In my long career as a music consumer, I’ve noticed that many songwriters link the two much more explicitly by relying on food and drink – perhaps unsurprisingly, c t is more often the drink – as a source of lyrical inspiration.

As you’ll see in this month’s playlist, when food is alluded to in a song, it can sometimes have a deep emotional resonance; other times it may make you wonder what the artist was thinking. Both can be equally pleasing to the listener.

‘Irish Margaritas’

Harriet

Most recipes for so-called “Irish margaritas” you can find online seem like a great way to ingest equal parts tequila and green food coloring. It’s not too far from the actual subject of this song, as Alex Casnoff sings “One more drink and I could tell you all my secrets, and I’m good enough to keep them alive.”

‘Champagne’

Django

I warned you that this playlist would lean towards “drinking”, right? One interesting thing about this song is how Vincent Neff’s urgent lead guitar leads the way from the unusually laid back, meandering verses and pre-chorus to a chorus as propulsive as anything the band has recorded.

‘Peaches’

Family and friends

Just as I wouldn’t recommend drinking Irish margaritas any time of the year, I wouldn’t recommend eating peaches in February. (Wait until summer is over and hang out at one of our Central Valley farms if you can.) Who knows why peaches have so captivated our most prominent musicians – a Justin Bieber song of the same name was l one of the biggest hits of 2021 – but I would much sooner recommend this one from the indie rock band from Athens, Georgia.
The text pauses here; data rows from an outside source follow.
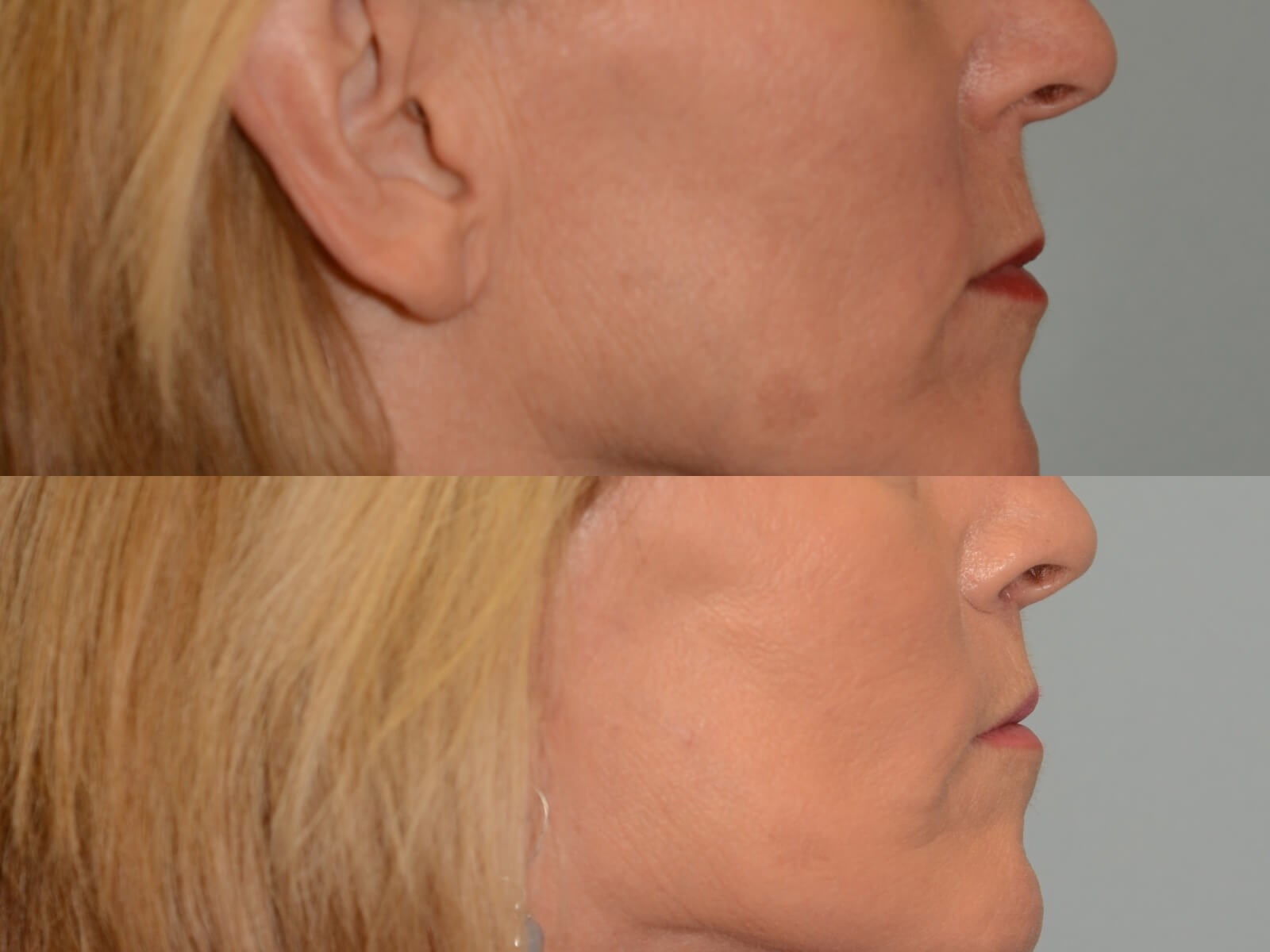 Subtle Enhancement Before and After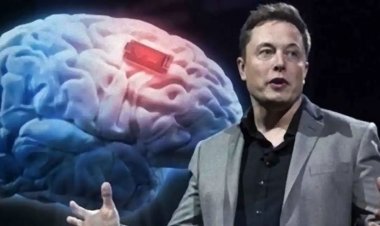 મસ્કની કંપનીએ માણસના મગજમાં લગાવી ચિપ! જાણો કેટલી છે સાઈઝ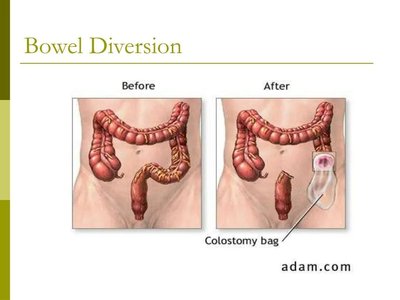 Colostomy types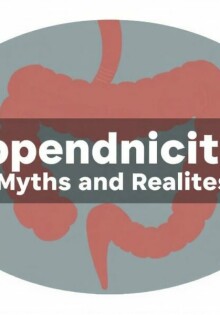 Appendicite : Mythes et Réalités dévoilés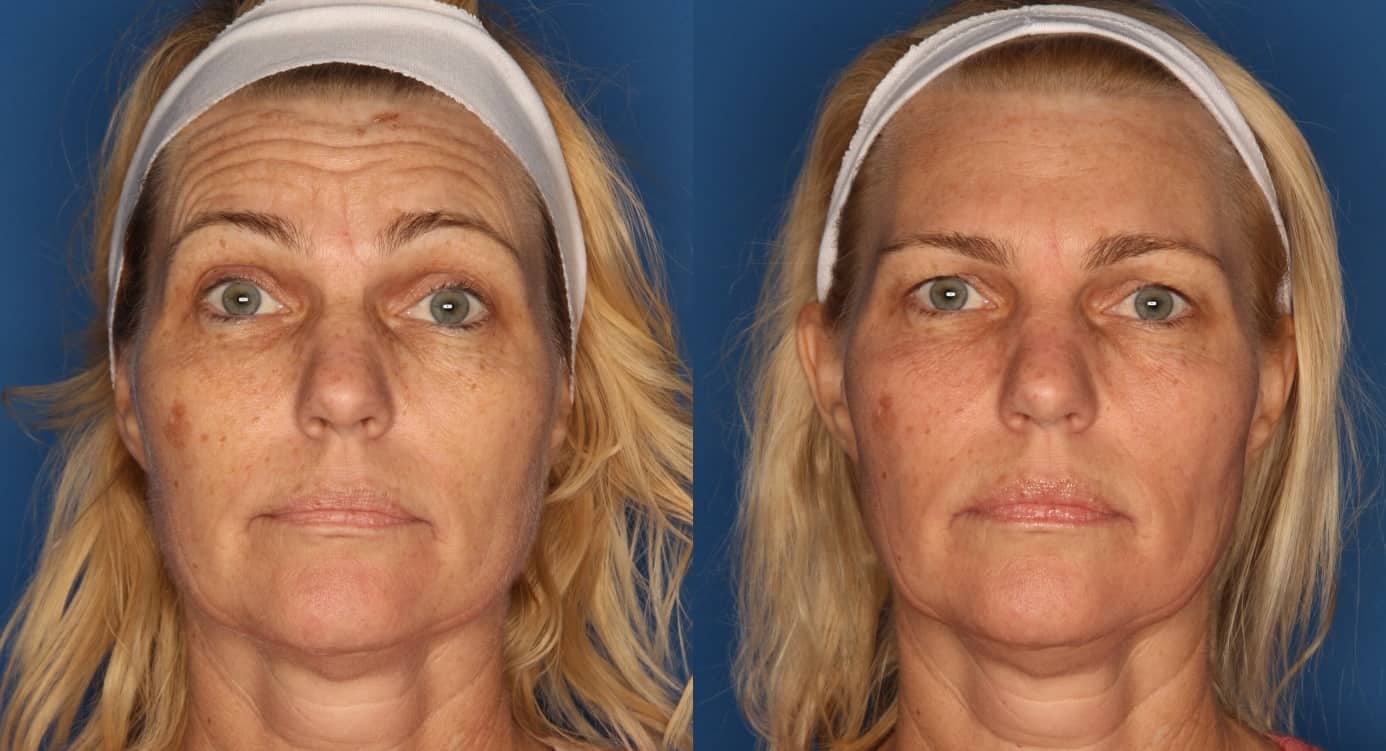 Botox/ Dysport/ Xeomin Before & After Gallery - Patient 321646 - Image 2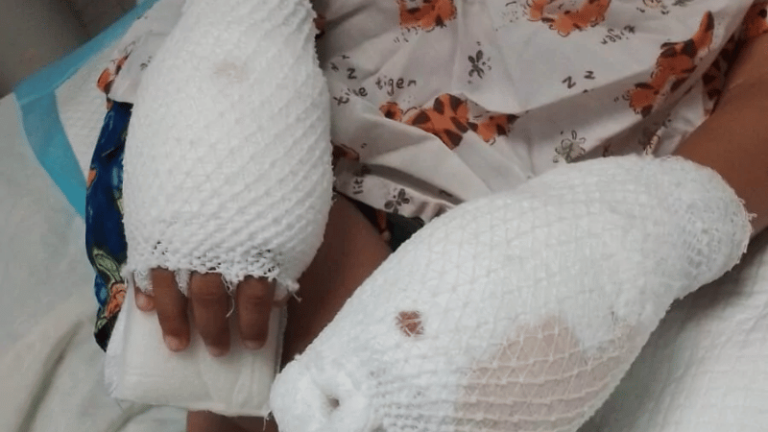 Aplazan nuevamente audiencia de medida de coerción contra madre acusada de quemar manos de su hijo - Imagen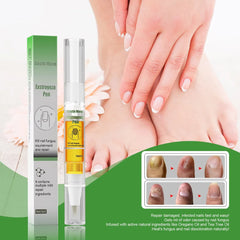 South Moon Nail Fungus Repair Pen Remove Onychomycosis Paronychia Reduce Toe Infection Brighten Nail Hand Foot Nail Care Liquid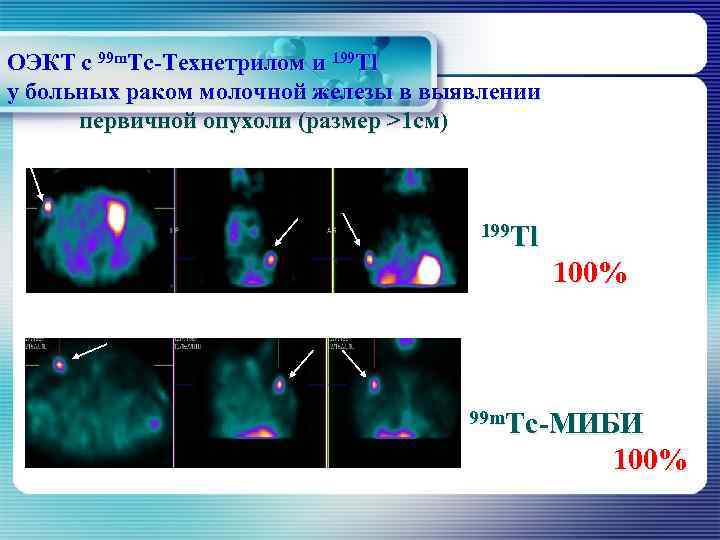 ОЭКТ с 99 m. Тс-Технетрилом и 199 Тl у больных раком молочной железы в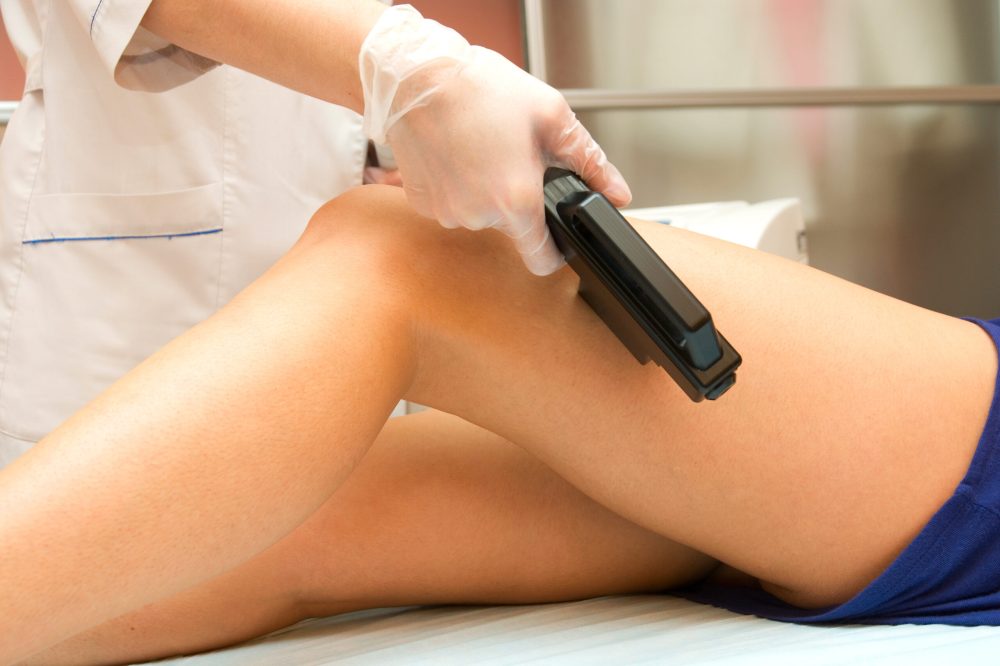 whatislaserhairremoval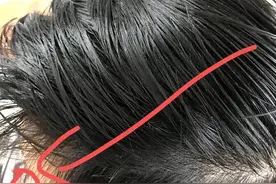 35岁山东女子，坚持用盐水洗头，一个月后，出现了哪些变化图片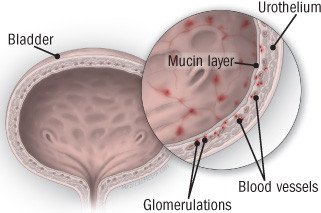 Interstitial Cystitis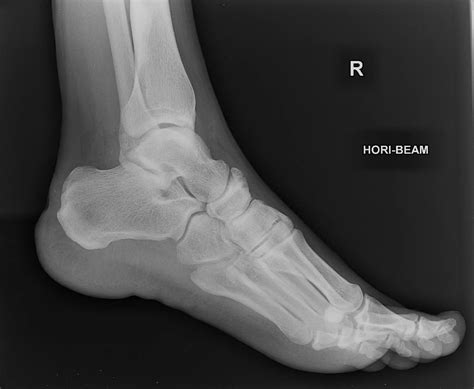 X-ray Left Heel Lateral/Axial | Test Price in Delhi | Ganesh Diagnostic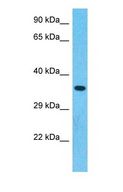 DFNA5 Antibody - Western blot of DFNA5 Antibody with human 293T Whole Cell lysate.  This image was taken for the unconjugated form of this product. Other forms have not been tested.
‘Mississippi Moonshine Girls’

Reducing agents

Here’s a (very vaguely) romantic song for a pre-Valentine’s playlist! Like many people, if Spotify play numbers are any indication, I first heard this song through The Beths’ 2016 cover. Both versions are excellent, because what better than New Zealanders singing on the Mississippi?

‘Bubblegum’

Lo Tom

Is chewing gum a food? Yes, according to the Federal Food, Drug, and Cosmetics Act, although it distinguishes them by name as a separate category from “articles used for the food or drink of man or other animals” . Now that I’m clear to include this song in a food-based playlist, I can tell you that despite what others may say, Lo Tom is by far the best of David Bazan’s countless musical projects.

“Whiskey Eyes”

Collective

A weirdly jazzy, uptempo, Saint Motel-ish effort from this Israeli quartet, which tends to be a lot more moody, but is extremely good and extremely weird no matter what they choose to do. They also have a propensity for songs about food and drink, having followed up that 2011 effort with 2014’s “Pancakes” and 2018’s “Builder’s Tea.”

“I should live in salt”

The National

Ending any playlist with a song from The National is a great way to retroactively make it about twice as depressing, but I find it hard to resist such clever use of interleaved 9/8 bars. You don’t have to guess what vocalist Matt Berninger meant on that song, because here’s what he told NPR about the chorus: “There’s not really a direct meaning to it, but it seemed to be a bad thing to have to live in salt.”

Journalist Henry Greenstein can be reached at 661-395-7374. Follow him on Twitter: @HenryGreenstein.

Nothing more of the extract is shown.